Experten schätzen, dass bei dem permanenten Schlagabtausch zwischen Russen und Ukrainern kaum 8 Prozent aller Geschosse ihr Ziel treffen. Seit Jahresende lässt Putin wieder verstärkt ukrainische Städte mittels Hyperschall-Raketen, Marschflugkörper und elektronisch gesteuerten Drohnen beschießen. In weniger denn einer Woche wurden rund 500 solcher Präzisionswaffen abgefeuert, wobei in Kiew und Charkow einige 40 Zivilisten starben. Für die Betroffenen und ihre Familien eine Tragödie. Doch der finanzielle Aufwand der Attacken scheint überproportional zum Resultat, zumal es der Ukraine scheinbar gelang, durch ihre Luftabwehr die große Mehrheit der Geschosse abzufangen, selbst wenn es Kollateralschäden durch abstürzende Trümmerteile gab.
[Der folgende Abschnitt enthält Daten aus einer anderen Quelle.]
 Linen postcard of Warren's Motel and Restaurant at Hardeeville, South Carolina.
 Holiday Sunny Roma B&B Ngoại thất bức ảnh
Es gibt kaum Angaben über die Kosten der russischen Raketen und anderen Cruise Missiles. Bekannt ist, dass ein einziges Luftabwehrsystem wie das von den Europäern gelieferte „IRIS-T“ an die Ukraine 140 Millionen Euro kostet. Da werden schnell auf beiden Seiten Milliarden „verbraten“, die mit Sicherheit besser einzusetzen wären, um die Probleme der Menschheit zu lösen.

Krieg und Klima

Kaum erwähnt werden die Folgen der Kriegshandlungen in der Ukraine, in Gaza und anderswo auf die Zunahme der Klimagase, die in den offiziellen Statistiken über den globalen Emissionen nicht erscheinen. Dabei verbrennt ein Kampfjet in einer Stunde mehr Treibstoff als ein normal genutztes Auto in sieben Jahren. Auch Raketen, Marschflugkörper und Drohnen benötigen Unmengen Energie. für deren Produktion sowie beim Abfeuern.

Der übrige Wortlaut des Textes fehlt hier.